Pookiea four-episode microdrama by storytelling platform Terribly Tiny Tales released in September, is “powered” by Maybelline New York and its lipsticks are integrated into the show. Jessica Rode, general manager of Maybelline New York India, said the show was the perfect opportunity to be part of a story that felt authentic to its consumers and relevant.
“The emerging format of microdramas really helped us engage with young audiences in a way that went beyond traditional campaigns and established a real connection between the brand and the audience,” Rode said.
A lifeline
When platforms cut budgets, branded content becomes both a financial and creative lifeline, agreed Siddharth Devnani, co-founder and chief operating officer at digital agency SoCheers. It allows studios to maintain production values without shouldering the full cost, while giving brands direct access to engaged audiences. The key is to be authentic where audiences should never feel a hard sell of products.
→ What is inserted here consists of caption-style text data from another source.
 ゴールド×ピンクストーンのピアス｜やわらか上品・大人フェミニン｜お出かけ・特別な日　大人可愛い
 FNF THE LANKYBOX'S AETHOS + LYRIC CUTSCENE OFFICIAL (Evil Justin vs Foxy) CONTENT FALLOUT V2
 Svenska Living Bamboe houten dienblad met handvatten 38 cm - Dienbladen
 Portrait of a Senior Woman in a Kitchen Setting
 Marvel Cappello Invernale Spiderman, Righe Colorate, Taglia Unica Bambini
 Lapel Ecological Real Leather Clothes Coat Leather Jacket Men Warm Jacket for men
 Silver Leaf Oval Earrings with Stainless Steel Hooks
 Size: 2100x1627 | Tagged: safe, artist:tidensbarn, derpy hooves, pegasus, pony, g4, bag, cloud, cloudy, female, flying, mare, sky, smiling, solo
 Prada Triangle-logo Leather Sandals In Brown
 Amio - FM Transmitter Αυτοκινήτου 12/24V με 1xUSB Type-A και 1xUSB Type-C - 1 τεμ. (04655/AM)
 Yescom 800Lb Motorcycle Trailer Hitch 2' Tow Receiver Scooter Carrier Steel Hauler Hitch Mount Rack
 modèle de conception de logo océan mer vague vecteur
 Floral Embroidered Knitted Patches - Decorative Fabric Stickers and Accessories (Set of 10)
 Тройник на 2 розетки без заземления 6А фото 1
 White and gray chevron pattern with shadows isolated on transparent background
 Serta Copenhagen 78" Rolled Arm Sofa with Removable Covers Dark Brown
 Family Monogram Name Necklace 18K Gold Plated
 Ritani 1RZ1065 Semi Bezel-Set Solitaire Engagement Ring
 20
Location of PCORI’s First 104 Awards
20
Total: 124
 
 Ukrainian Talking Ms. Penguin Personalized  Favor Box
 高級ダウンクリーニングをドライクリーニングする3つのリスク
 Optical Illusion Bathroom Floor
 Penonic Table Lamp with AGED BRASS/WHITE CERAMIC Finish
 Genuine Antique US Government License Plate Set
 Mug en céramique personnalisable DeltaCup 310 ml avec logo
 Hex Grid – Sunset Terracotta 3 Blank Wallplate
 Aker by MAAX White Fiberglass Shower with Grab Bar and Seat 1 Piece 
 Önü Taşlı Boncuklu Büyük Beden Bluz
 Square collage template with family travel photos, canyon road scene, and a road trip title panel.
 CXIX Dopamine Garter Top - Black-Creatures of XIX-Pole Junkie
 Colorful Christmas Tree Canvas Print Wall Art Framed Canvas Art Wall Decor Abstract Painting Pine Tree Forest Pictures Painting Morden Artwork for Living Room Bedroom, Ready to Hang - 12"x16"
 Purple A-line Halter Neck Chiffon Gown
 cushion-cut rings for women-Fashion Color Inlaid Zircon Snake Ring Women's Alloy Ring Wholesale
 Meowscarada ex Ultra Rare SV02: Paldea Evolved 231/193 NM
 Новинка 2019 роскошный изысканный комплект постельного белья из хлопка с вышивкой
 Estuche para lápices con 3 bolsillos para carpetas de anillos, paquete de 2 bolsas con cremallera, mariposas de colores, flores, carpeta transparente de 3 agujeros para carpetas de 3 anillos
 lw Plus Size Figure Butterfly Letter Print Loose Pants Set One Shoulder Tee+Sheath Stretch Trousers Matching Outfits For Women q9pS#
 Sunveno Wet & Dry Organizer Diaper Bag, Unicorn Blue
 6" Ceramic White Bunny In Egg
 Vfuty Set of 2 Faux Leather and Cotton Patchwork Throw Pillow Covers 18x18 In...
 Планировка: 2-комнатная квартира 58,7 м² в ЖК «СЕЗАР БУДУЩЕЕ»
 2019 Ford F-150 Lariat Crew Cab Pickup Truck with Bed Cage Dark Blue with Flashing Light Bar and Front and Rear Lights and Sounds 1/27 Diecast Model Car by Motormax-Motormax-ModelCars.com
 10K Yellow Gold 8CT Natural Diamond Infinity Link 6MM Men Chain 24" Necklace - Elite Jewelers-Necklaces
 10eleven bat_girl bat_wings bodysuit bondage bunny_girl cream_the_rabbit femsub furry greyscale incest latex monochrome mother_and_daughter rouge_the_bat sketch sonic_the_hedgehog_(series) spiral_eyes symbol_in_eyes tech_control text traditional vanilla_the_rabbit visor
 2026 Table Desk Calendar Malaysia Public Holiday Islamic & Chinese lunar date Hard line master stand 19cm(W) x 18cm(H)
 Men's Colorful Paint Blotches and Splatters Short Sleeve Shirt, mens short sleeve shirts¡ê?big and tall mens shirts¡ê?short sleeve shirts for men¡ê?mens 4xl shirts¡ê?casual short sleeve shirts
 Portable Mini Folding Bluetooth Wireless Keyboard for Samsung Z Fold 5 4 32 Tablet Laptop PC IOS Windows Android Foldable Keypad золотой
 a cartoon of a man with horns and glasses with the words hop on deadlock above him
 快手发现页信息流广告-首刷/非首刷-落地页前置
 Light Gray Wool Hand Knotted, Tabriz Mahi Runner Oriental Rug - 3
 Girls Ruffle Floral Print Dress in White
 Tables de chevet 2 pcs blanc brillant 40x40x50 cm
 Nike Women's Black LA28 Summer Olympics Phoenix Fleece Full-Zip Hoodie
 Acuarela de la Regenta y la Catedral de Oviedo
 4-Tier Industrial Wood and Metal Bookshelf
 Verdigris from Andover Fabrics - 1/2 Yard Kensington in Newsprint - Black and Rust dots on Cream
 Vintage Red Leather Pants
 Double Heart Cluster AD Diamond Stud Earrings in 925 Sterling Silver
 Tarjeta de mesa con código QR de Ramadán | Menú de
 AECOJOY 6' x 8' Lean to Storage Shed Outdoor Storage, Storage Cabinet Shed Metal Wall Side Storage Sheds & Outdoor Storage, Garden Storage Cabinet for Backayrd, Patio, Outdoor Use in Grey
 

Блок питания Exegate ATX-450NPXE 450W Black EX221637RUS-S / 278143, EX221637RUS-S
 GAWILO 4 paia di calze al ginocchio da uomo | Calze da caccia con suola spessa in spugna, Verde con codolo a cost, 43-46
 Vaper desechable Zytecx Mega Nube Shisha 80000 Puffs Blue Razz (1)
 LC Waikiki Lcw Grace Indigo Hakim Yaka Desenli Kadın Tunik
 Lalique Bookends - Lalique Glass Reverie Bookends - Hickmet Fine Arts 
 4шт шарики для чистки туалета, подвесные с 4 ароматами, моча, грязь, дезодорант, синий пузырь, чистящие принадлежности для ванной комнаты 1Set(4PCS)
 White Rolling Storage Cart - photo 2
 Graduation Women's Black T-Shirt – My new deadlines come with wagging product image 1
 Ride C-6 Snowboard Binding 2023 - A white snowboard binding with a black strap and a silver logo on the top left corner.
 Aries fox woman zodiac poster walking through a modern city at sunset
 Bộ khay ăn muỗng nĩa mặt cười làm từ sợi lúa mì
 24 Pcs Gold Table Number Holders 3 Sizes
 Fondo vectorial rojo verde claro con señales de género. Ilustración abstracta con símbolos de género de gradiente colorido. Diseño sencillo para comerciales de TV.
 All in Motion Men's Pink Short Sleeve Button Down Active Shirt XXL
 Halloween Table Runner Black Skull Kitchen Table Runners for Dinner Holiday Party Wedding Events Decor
Hybrid deals are the future, according to Devnani.
AVoD (advertising video-on-demand) gives reach, and SVoD (subscription video-on-demand) gives stability, but both are under pressure, according to Ganesh Pareek, partner, executive producer and creative director at First December Films, an advertising production house.
“Brand-sponsored content is becoming the third leg of the stool, the stabilizer. For platforms, it shares cost at a time when ad rates and subscriptions are volatile. For producers, it means scripts that would have stayed in Excel finally get made. For brands, it’s cultural equity. Instead of shouting for 30 seconds, they sit at the audience’s table for hours. The appeal is clear: platforms stretch budgets, studios keep creating, and brands embed themselves into culture,” Pareek said.
Creating brand-sponsored content has become more accessible and efficient with the rise of digital content creation companies in India, experts said. Rajat Agrawal, chief operating officer and director of Ultra Media & Entertainment Group, said these companies offer comprehensive services, including social media management, video production, and influencer marketing, making it easier for brands to produce high-quality content.
Digital content creation companies specialize in written content, offering dedicated content managers and advanced analytics. They also connect brands with top content creators, providing AI-driven content recommendations. Additionally, they offer innovative digital campaigns, video production and influencer collaborations.
Making branded content would cost a company not more than ₹5-6 crore, depending on the show, according to studio heads and platform executives.
Budgets, challenges
To be sure, there are challenges. Harikrishnan Pillai, chief executive officer (CEO) and co-founder of TheSmallBigIdea, a digital agency, said companies that are consumer-first and part of daily life tend to be more interested in branded content. Funding the entire show is rare since production is expensive. Usually, companies support a portion of the content. Ultimately, it comes down to who has the budget within a category—not every brand can afford this format.
“As for monetization, platforms may provide value-adds like actors shooting ancillary content, which can then be pushed in performance marketing, or integrating ad displays contextually with the show. Subscription-linked monetization is still very nascent, but it’s a potential opportunity,” Pillai said.
Further, according to Chandrashekar Mantha, partner, media and entertainment sector leader at Deloitte India, for branded content to be effective, it must seamlessly align with the brand’s ethos and persona—a challenge that makes finding the perfect narrative match difficult.
This complexity often makes companies reluctant to invest heavily in sponsored content, as monetization tends to hinge on the entertainment value rather than direct promotional impact. Consequently, branded content is not yet the foremost choice for most advertisers in the Indian market, Mantha added.
Anuj Gosalia, founder and CEO of Terribly Tiny Tales, pointed out that audiences can spot forced brand integration instantly, so the writing and production have to be sharp enough for the story to stand on its own.
“That said, more brands are opening up to the idea because they’ve seen it work. We’ve had campaigns where a short, branded film performed on par with organic fiction content in terms of engagement. Monetization is feasible if the focus is on creating something watchable first, and branded second. If the content resonates, the returns for both brand and platform follow naturally,” Gosalia added.